Monday, November 15, 2010

Tiptoe with the Tutor...

Retirement from something I love to do but am too tired to continue doing it has been interesting. I really didn't want to quit working; I just wanted to quit working so hard. In order to continue in the field of education without burning myself to a crisp, I've opted to try out tutoring for awhile.

I am particularly fortunate to have an office of the Learning Disabilities Association of Saskatchewan within walking distance of my home. One of their programs, ABSee, hires people with B.Ed's to tutor students. I work by the hour. Most students contract for 1 to 2 hours per week. Presently, my youngest student is 7 and the oldest is an adult.

Since in one of my previous teacher incarnations I was a resource room teacher, some of this work is familiar. I work one on one with a student to teach specific skills or help with homework. What is profoundly different, however, is not having any contact at all with the students' regular educational institution. I know from my special ed days that what a student can do one on one with you, isn't what that student does in a classroom. When I've asked parents if their child is doing better in school, they expect that I should be able to tell by how the student is progressing with their tutoring.

I had looked forward to being able to use all that cool online technology to supplement my tutoring. The good news is there is an incredible amount of "stuff" online and a lot of it is incredibly good. (Here's a "link to my links"; I still have Google Notebooks, so if you go to "More from Pat.Cone, you should find other pages.) The bad news is that internet access is even flakier in downtown Saskatoon than it had been in Hafford! (I don't know if everyone checks email and FaceBook before they leave work?)

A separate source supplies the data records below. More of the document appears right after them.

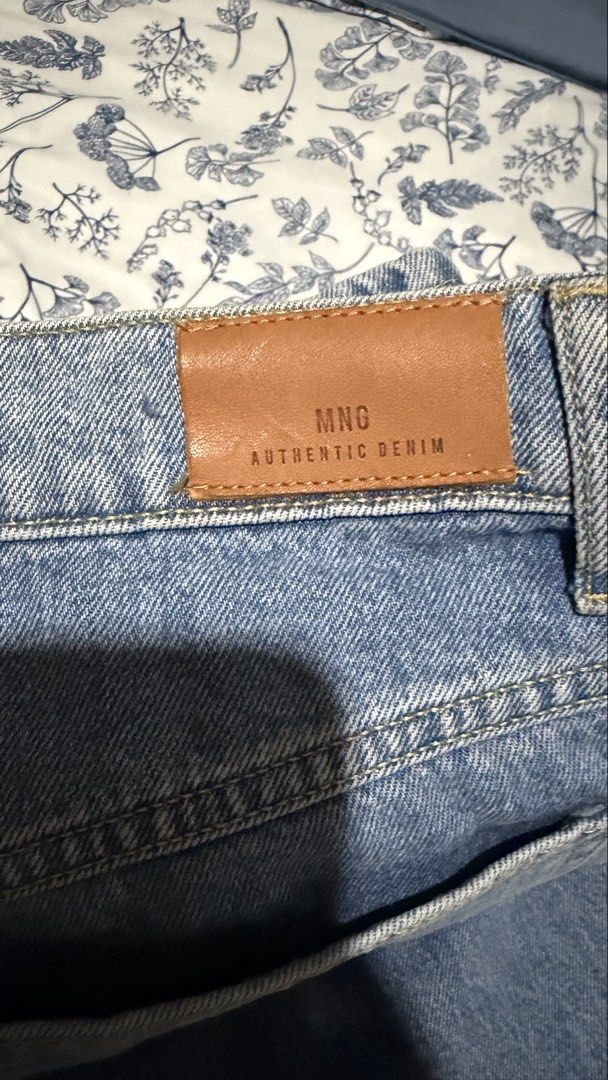 Mango Mom Jeans (Category: Jeans) located in Taguig. Submitted by hereisbeyyy (Listing ID 1467726146, Image 2). Description: Please read! Mom jeans original MNG only used a few times. Original price at 2K plus. Size on pic. No to sensi. Slight discoloration on the inside pocket. Lalamove or jnt only no meet up as i have work. Last price is 350, pass for anything lower..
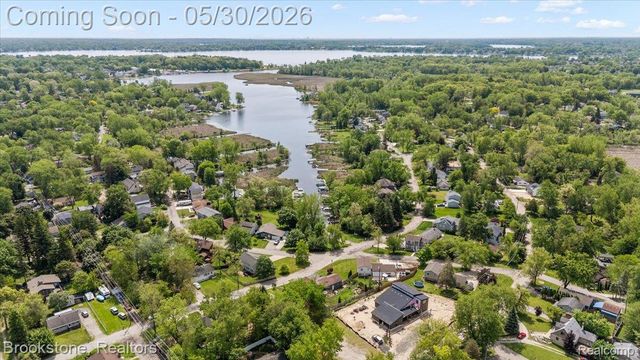 1085 Tecumseh Avenue, Waterford Charter Township, MI 48327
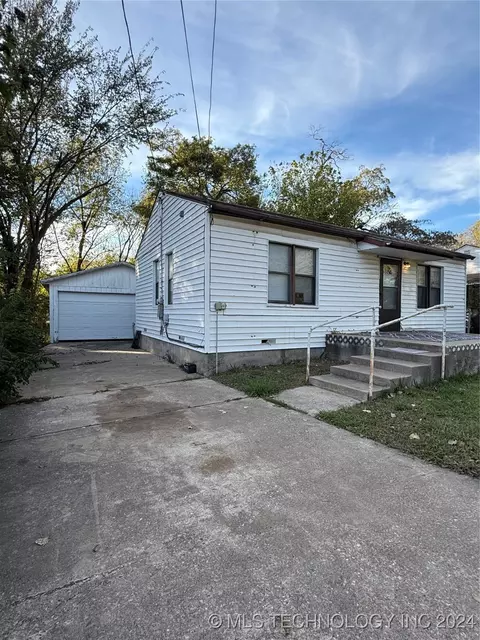 821 E Street SE, Ardmore, OK 73401 photo 2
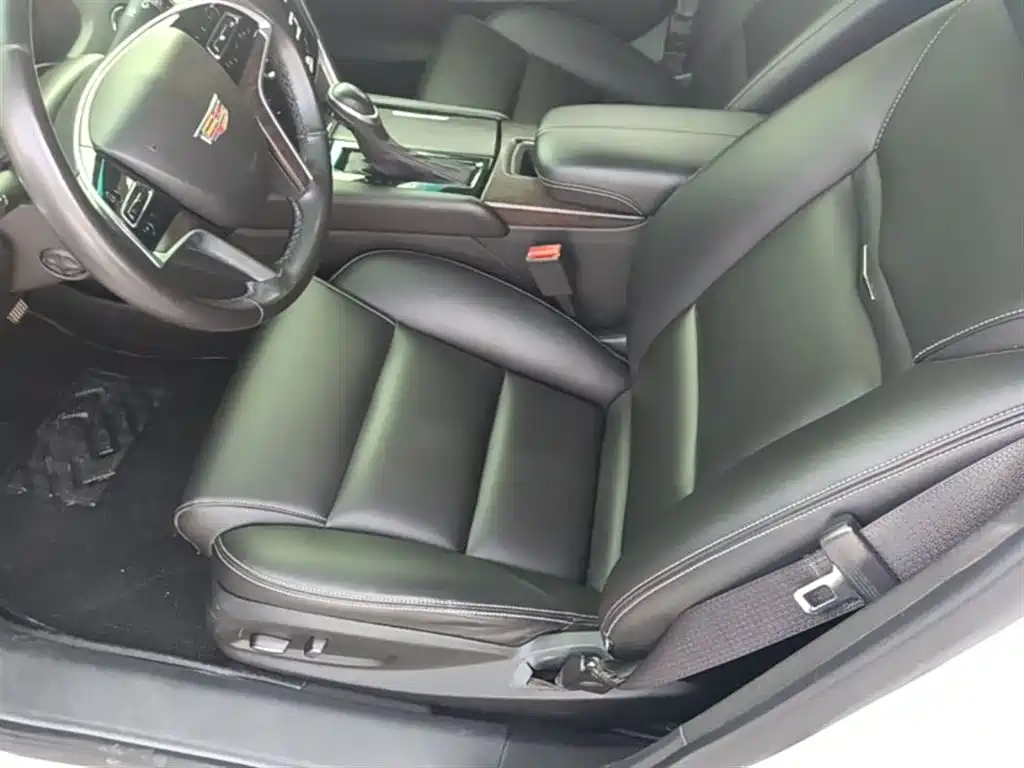Cadillac XTS 2018 — фото 15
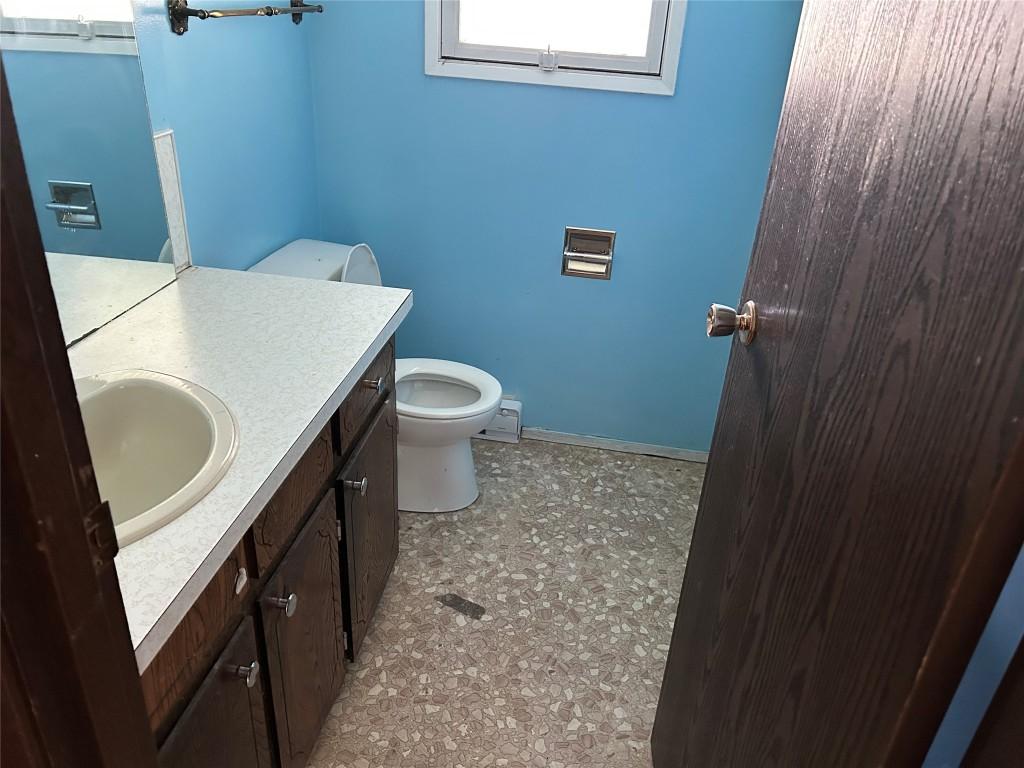 









2571


Lakeshore

Road,
Vernon,




BC
V1H 1M9


It took awhile to orient myself to my new surroundings and working conditions, but I must say I'm starting to enjoy what I'm doing. I get to teach without burning. Bonus.

1 comment:

Gailene said...

I understand very well that retirement thing, and that's why I consider myself so fortunate to have been able to work as an editor at Hansard for the past nine years, except for those times when I was physically unable to do so, of course. I know I shall miss it.